Here's a how it would look like:

No Yes

<!-- No No No
No No
No
-->

{| class="wikitable"
|+ No Yes
|-
! '''No Yes''' !! '''No''' !! '''[[No Yes]]'''
|-
| ''No Yes'' || ''[[No Yes Yes]]'' || ''No Yes''
|-
| No Yes || No Yes || [[No Yes Yes]]
|}

Solution

  • As the regex flavor used in AWB turns out to be .NET, you can use a regex with variable-width lookbehind patterns:

    (?m)(?!^)(?<!\.\s+|\[\[(?:Category|File):[^\]\[]*)(?<!\{\||\{\{|^(?:(?:\*\s*)?'?''|\*\s*)?\[\[|<!--|^=+\s*|^#(?::|\*+)?\s*|^\*\s*(?:''')?)\b([A-Z][a-z]*)\b(?![^{}]*}}|[\w\s]*-->)(?<!\[\[(?:Category|File)(?=:[^\]\[]*]]))
    

    See the regex demo.

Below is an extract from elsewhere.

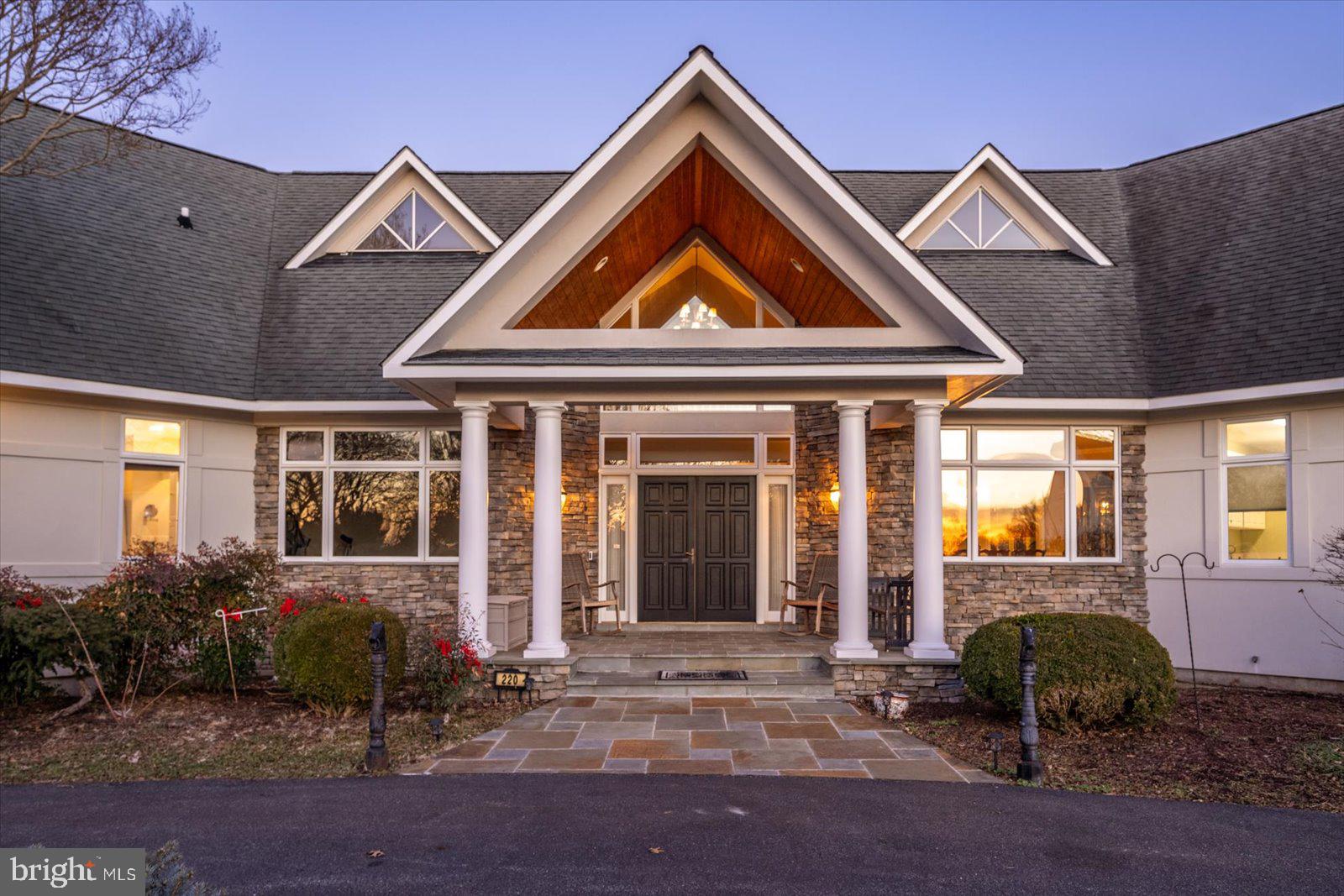 KENT ISLAND - Residential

Details:

    • (?m) - multiline mode on
    • (?!^) - not at the start of a line
    • (?<!\.\s+|\[\[(?:Category|File):[^\]\[]*) - immediately before, there should be no . and one or more whitespaces, or [[ followed with Category or File and then : and then zero or more chars other than [ and ]
    • (?<!\{\||\{\{|^(?:(?:\*\s*)?'?''|\*\s*)?\[\[|<!--|^=+\s*|^#(?::|\*+)?\s*|^\*\s*(?:''')?) - negative lookbehind that fails the match if, immediately before, there are patterns like
      • \{\|| - {| string, or
      • \{\{| - {{ string, or
      • ^(?:(?:\*\s*)?'?''|\*\s*)?\[\[| - an optional sequence of an optional sequence of * and zero ro more spaces followed with an optional ' char and then '' or a * char followed with zero or more whitespaces, and then [[, or
      • <!--|^=+\s*|
      • ^#(?::|\*+)?\s*|
      • ^\*\s*(?:''')?
    • \b - word boundary
    • ([A-Z][a-z]*) - an uppercase letter followed with zero or more lowercase letters (in .NET, you can also use \p{Lu}\p{Ll}* to match any Unicode letters)
    • \b - word boundary
    • (?![^{}]*}}|[\w\s]*-->) - a negative lookahead: no match allowed if there are zero or more chars other than { and } and then }} or any zero or more word/whitespace chars and then -->
    • (?<!\[\[(?:Category|File)(?=:[^\]\[]*]])) - fail the match if, immediately before, there is [[, Category or File and right after, there are zero or more chars other than [ and ] and then ]].